Ровным счётом ничего не зная, опираясь только на сильное желание нарисовать эти концлагеря, я всё узнавал на ходу. Специальную литературу в Москве я не читал. Когда я пришёл и познакомился с Алексеем Алексеевичем, я сказал, что я толком ничего не знаю – ни цены железнодорожных билетов, ни размер платы за проживание в гостиницах, ни стоимость переездов из одного лагеря в другой. Но он видит, что я действительно ничего не знаю, и спрашивает: если мы вам дадим две тысячи долларов, вам хватит на первое время? – Я отвечаю: наверно, хватит. – Он оборачивается к бухгалтерше: выпиши ему две тысячи долларов. – А она говорит: мы же на руки денег не даём, мы можем только перечислить деньги в Министерство культуры, а он пусть напишет заявление Швыдкому, это как решит Швыдкой. (Он был тогда заместителем министра культуры.)

Пришлось мне писать письмо Швыдкому, обосновал там все эти свои просьбы, всё описал. Перечислил примерное количество концлагерей – пять лагерей в Польше и один лагерь в Чехии, про которые мне рассказали эти ребята из отдела увековечивания памяти за рубежом. На севере Польши это концлагерь Штуттгоф, на юге – Освенцим, в центре примерно – Майданек. Там же в южных местах Польши есть лагерь Гросс-Розен и лагерь Ламсдорф. Это в Польше. А в Чехии был лагерь Терезин и подземный лагерь Литомержицы. (Я решил, что на Германию надо отдельно просить деньги.)

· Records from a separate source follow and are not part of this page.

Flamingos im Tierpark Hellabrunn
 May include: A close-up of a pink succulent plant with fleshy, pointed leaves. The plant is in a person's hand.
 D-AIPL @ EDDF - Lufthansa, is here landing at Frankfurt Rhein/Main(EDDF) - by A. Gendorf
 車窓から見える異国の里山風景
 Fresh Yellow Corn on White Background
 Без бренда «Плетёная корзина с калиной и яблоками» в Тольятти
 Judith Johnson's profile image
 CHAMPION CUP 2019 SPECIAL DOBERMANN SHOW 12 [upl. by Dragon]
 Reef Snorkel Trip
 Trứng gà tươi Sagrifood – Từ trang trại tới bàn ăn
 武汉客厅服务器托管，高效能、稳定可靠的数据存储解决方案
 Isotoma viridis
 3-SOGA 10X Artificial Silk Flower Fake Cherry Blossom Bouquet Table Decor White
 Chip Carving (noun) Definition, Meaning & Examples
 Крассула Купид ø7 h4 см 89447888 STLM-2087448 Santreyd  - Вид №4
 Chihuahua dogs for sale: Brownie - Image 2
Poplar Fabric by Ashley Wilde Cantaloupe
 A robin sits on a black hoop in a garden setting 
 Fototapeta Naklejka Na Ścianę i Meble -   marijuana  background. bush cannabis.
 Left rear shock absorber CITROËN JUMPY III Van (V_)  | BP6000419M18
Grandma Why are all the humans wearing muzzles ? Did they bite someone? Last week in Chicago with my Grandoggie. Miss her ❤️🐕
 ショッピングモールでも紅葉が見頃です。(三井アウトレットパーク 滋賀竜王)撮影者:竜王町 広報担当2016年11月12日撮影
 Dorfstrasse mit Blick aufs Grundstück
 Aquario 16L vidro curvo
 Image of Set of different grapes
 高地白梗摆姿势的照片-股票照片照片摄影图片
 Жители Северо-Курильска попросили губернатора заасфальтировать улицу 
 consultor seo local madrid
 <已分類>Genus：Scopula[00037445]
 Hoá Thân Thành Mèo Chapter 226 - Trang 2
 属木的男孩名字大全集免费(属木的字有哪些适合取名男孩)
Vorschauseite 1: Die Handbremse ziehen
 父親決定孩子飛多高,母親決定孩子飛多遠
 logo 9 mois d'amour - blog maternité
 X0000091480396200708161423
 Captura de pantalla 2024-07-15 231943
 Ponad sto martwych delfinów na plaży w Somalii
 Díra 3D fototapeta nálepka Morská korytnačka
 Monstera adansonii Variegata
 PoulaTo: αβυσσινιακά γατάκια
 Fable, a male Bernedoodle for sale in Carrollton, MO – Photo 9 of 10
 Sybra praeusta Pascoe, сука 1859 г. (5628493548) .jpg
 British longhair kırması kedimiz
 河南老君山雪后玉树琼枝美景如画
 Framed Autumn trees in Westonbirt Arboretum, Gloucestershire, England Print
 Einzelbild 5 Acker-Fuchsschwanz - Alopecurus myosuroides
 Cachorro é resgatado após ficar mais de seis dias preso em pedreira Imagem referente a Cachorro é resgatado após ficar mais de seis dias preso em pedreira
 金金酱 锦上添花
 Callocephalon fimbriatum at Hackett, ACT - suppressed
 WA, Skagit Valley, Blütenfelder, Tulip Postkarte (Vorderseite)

Понёс я своё письмо Швыдкому. Прихожу, он там сидит за столом. Я ему подаю эту свою бумагу, он прочитал и говорит: концлагеря – это святое. Пишет – «согласен, выдать деньги». И отдаёт мне. И я почувствовал серьёзность этой фразы, больше он ничего не сказал, только вот эти три слова.

А дальше уже всё складывалось легко. Я принёс эту бумагу Алексею Алексеевичу, а он бухгалтерше говорит: вот Швыдкой ему подписал. Как мы ему будем перечислять? Он же не организация, он просто один человек. Давай ему выдадим деньги на руки. Пошли в кассу, и тут же мне отсчитали две тысячи долларов.

А туда, в Польшу, надо было ещё иметь визу. Я пришёл в польское посольство, а мне там объясняют – вы должны поговорить с нашим атташе по культуре, что она скажет – можем ли мы вас пустить в Польшу? И вот я ждал там внизу эту девушку. Потом она пришла, я ей всё рассказал. Она говорит: хорошо, хорошо, поезжайте. В общем, дала согласие. И после этого мне сказали – идите в другое представительство, купите там визу за пять долларов.

И потом я стал быстро готовиться в дорогу. Я не брал с собой большой планшет, потому что я не знал, куда я поеду, кто меня там примет, в какие обстоятельства я попаду. Поэтому я взял рюкзак, и в этот рюкзак положил бумагу альбомного формата, чешские эти карандаши, которые у меня ещё оставались, смену белья и разные необходимые мелочи.

Поехал я в Польшу поездом Москва – Берлин, который шёл через Варшаву. Начинался 94 год, и это была моя первая поездка в Европу. До этого я ездил лишь в Афганистан.